New professor sifts through mountains of data for clues about children’s diseases

Atul Butte

Atul Butte, MD, PhD, seeks out trends. But he's not interested in wafer-thin models sashaying down a catwalk. He's focused on even tinier stars: the molecules of protein, RNA and DNA that dictate all cellular functions. Hidden patterns and unexpected relationships between these mini-divas might shed light on how genetic missteps lead to such diseases as cancer and diabetes.

The problem that Butte zeroes in on is this: The sheer volume of information generated by attempts to analyze this complex molecular soup stymies most conventionally trained biologists.

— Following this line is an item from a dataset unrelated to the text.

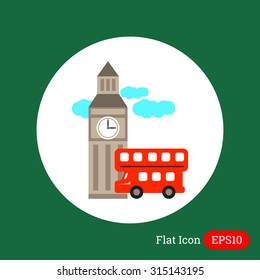 Icon of Big ben and red double decker bus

So Butte designs computer programs to sift through data from many different experiments of many different researchers, homing in on shared and possibly significant results that may provide the first clue to new diagnostic tests or novel therapies

"We're beyond just looking at the symptoms of a disease," said Butte, who recently joined Lucile Packard Children's Hospital and the School of Medicine as an assistant professor of pediatrics and of medicine. "Now we're getting at the mechanics. We're putting together large data sets in a novel way so we can get new hypotheses and findings from them."

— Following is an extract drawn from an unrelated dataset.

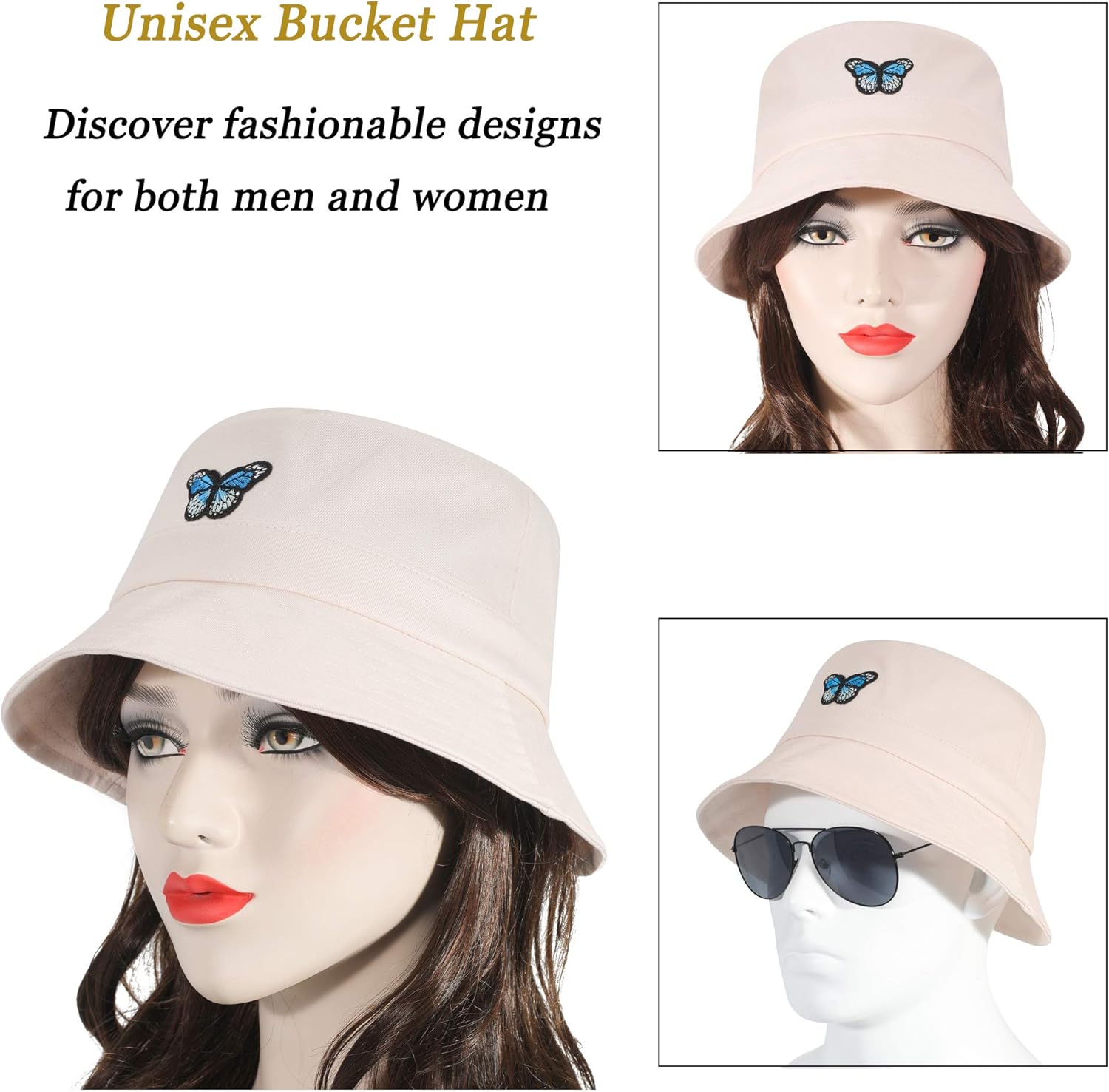 ZLYC Unisex Fashion Embroidered Bucket Hat Summer Fisherman Cap for Men Women Teens (Butterfly Beige) at  Women’s Clothing store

In addition to his expertise in bioinformatics, Butte is also a pediatric endocrinologist. With a foot in each of two different worlds, he is a member of a rare breed of computationally savvy physicians equipped to straddle a growing divide between biological research and clinical practice.

"Biologists are inventing new high-throughput experiments that create lots of data," said Russ Altman, MD, PhD, professor of genetics, medicine, bioengineering and computer science. "For obvious reasons, we need sophisticated computer tools to analyze the results: We can't do it by hand and there's no off-the-shelf software that will work. We need the kind of innovations that people like Atul can provide." Altman helped recruit Butte from the Children's Hospital Informatics Program in Boston.

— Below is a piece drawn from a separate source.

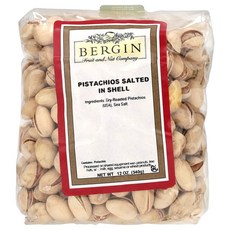 Bergin Fruit and Nut Company 껍질을 까지 않은 가염 피스타치오 340g(12oz) 1팩, 340g, 1개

Although Butte first became interested in computers and medicine as a high school student in New Jersey, he fine-tuned his skills out of necessity as he was finishing a fellowship in pediatric endocrinology at Children's Hospital Boston. He needed a way to keep track of the stream of lab results and other data from his research into pediatric diabetes.

"I began writing programs to make my life in the hospital easier," he said, "but I wanted to get back to biology." His career path was permanently altered by the imminent completion of the Human Genome Project and a chance discussion with a colleague about the data-management challenge posed by the emerging gene-chip technology. He was captivated by the opportunities presented by the nascent field.

"Bioinformatics allows us to ask questions biologists often can't even think of," said Butte, "and then to develop the methods that allow us to answer that question."

Gene chip, or microarray, experiments allow researchers to compare the expression patterns of individual genes over time, or between diseased and healthy cells. Each experiment generates thousands of pieces of data about many or all of the genes in a cell. Biologists use the technology routinely, focusing only on the few bits of data pertinent to their particular research topic. But what to do with the "leftovers"?

"A gene chip the size of your fingernail can hold information about the expression patterns of 40,000 genes, and there are data from tens of thousands of gene chips in national repositories," said Butte. "Right now researchers are barely scratching the surface of the vast amounts of data they're generating. I'm trying to join together data from many different experiments and find common, unexpected trends."

For example, said Butte, there is currently no effective therapy for amyotrophic lateral sclerosis. But it's possible that grouping diseases into families on the basis of their gene-expression patterns, rather than their symptoms, may reveal an unsuspected relationship between ALS and a treatable disease. Surprise kinships like these may lead researchers down hidden paths to new therapies for the original disease.

"There are probably about 80 human diseases that have gene-chip data available," said Butte. "I want to find out how similar these diseases are to each other, and why that matters."

The same techniques can be used to identify the molecular pathways associated with disease development. Butte and his collaborators at the Joslin Diabetes Center in Boston recently published research using microarrays to identify genes important in the development of brown fat—a specialized type of energy-burning fat that may help prevent the obesity that can lead to insulin resistance and diabetes. The researchers designed computer programs to whittle down the many thousands of candidate genes to a handful of culprits. Although these genes are known to be involved in other diseases, it was the first time they'd been implicated in fat cell formation.

"Much of kids' health, as well as the health problems they may face in adulthood, is related to their genes," said Butte. "Unfortunately, there are few bioinformatics specialists who focus on pediatric diseases. We hope to change that here."